True grit

by December 13, 2019 0 comments

Greta Thunberg has not only lived by her belief but battled the most brutal trolling to become an icon

US President Donald Trump is a sore loser as he is yet to rightfully win the “Person of the Year” from Time magazine — he was named one in 2016 rather pejoratively. He is yet to get a positive cultural and intellectual endorsement for the title. So he reacted to climate activist Greta Thunberg winning the honour with a “Chill, Greta, Chill” tweet and suggesting anger management lessons, conveniently forgetting his wrongdoing as a climate denier. The young, Swedish icon has been crowned for being selfless in the selfish world of politics and leaving a legacy for her generation and beyond. She has led by example, showing how it is possible to adopt a sustainable and resourceful life, save the earth and still have fun as a teenager. She just doesn’t look back in anger but answers everybody who has a question for her. To win the title of the world’s most influential person, out of a list of 301 nominees — 223 individuals and 78 organisations — and one where even Trump and US House Speaker Nancy Pelosi almost appeared non-contenders, is quite an accomplishment. For it’s just not about “popularity” or “positivity” but about the kind of “influence” she has had the world over. Coming right in the nick of the time when global leaders failed to do their bit in tackling the climate crisis, Thunberg became its de facto face. There have been several treaties on global warming in the past. Yet every year, the IPCC report testified to their failure and a resetting of goals. It was this abject failure by governments that prompted Thunberg to jolt the powers that be out of their myopia, which meant that they never looked beyond their own timelines. Nobody lived green philosophies till she countered politicians with a thunderous, “You come to us young people for hope. How dare you?” She even lived down the brutal hitbacks, being trolled as “elite pawn” and a “communist actress.” Her voyage across the Atlantic, sailing from one nation to the other in a solar-powered boat, will remain the most watched visual of the year.

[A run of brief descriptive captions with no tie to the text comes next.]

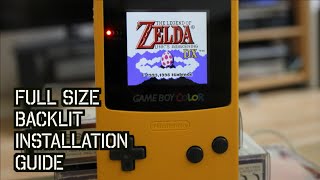 Full Screen GameBoy Color Backlit Mod  Installation Guide [upl. by Pammy]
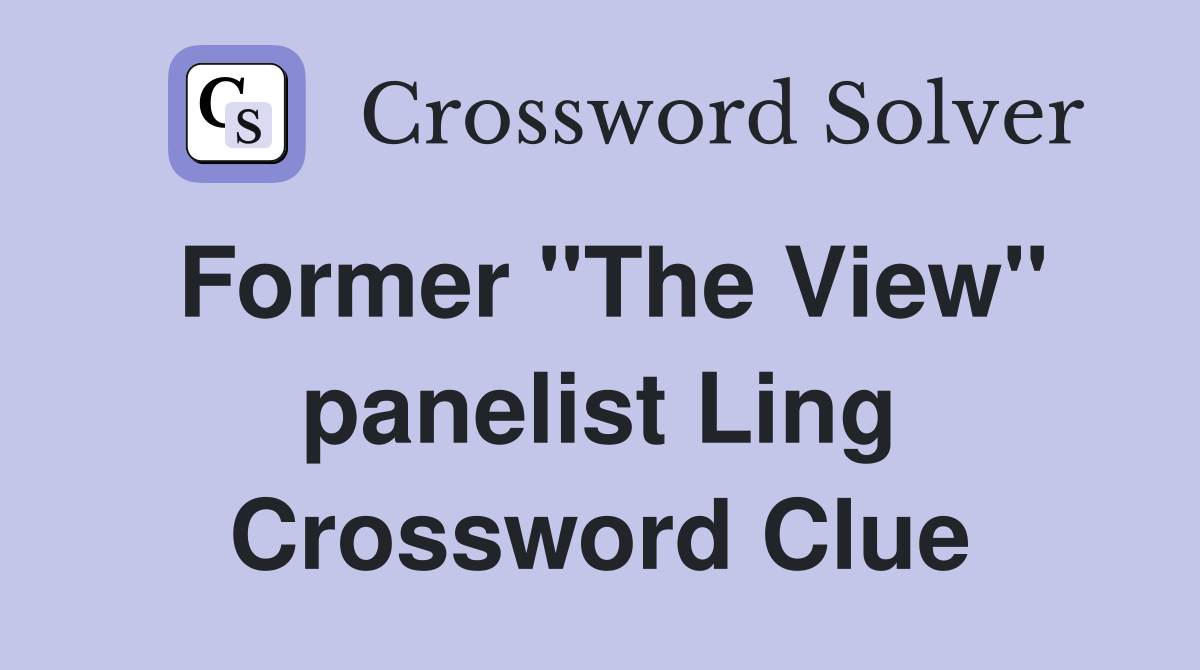 Former "The View" panelist Ling Crossword Clue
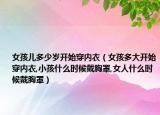 女孩儿多少岁开始穿内衣（女孩多大开始穿内衣,小孩什么时候戴胸罩,女人什么时候戴胸罩）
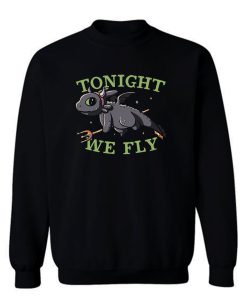 Tonight We Fly Funny Cute Spooky Sweatshirt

Thunberg has given the much-needed inspiration to young activists in the developing world, too. Her clarity has cut through the obfuscation and helplessness of rhetoric. Be it the eight-year-old Licypriya Kangujam from India’s Manipur, who has been demanding action from the Modi Government in the current session of Parliament, or Kenya’s Kaluki Paul Mutuku, who is actively involved in conservation since college, Thunberg is inspiration for young female activists, who have been questioning establishments and demanding action.